Aim of the task
The required output is the lines from the one with "Blackrock y otras" through the end of the data, repeated verbatim, with no pictures included.

Provided material

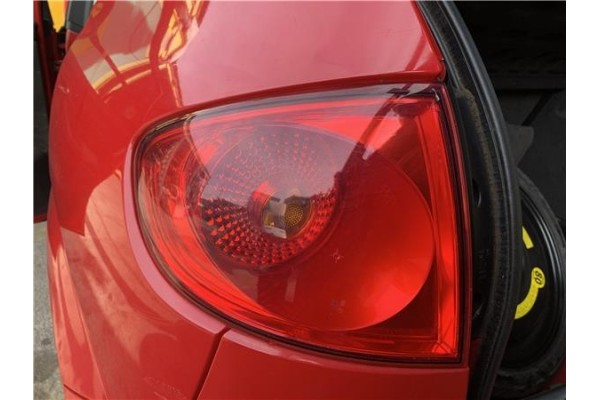 Recambio de piloto trasero izquierdo para seat altea (5p1) 2.0 tdi 16v referencia OEM IAM 5P0945111B  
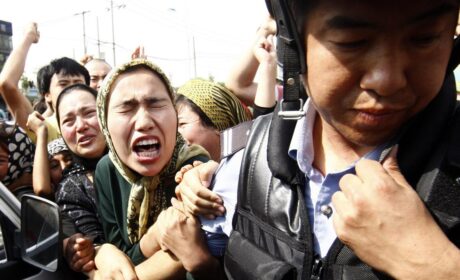 Blackrock y otras compañías invierten en empresas chinas vinculadas al genocidio uigur, dice informe
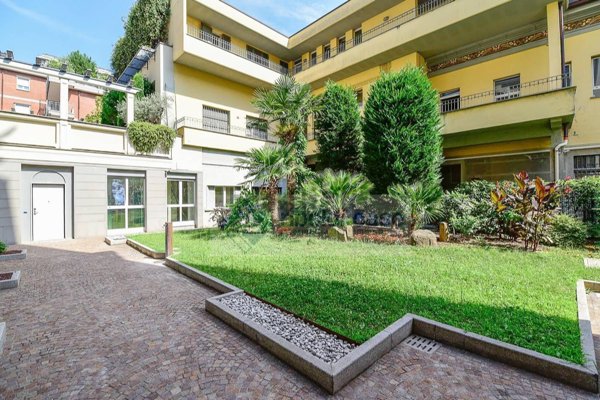 appartamento in vendita a Seregno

Task answer
 Blackrock y otras compañías invierten en empresas chinas vinculadas al genocidio uigur, dice informe
 appartamento in vendita a Seregno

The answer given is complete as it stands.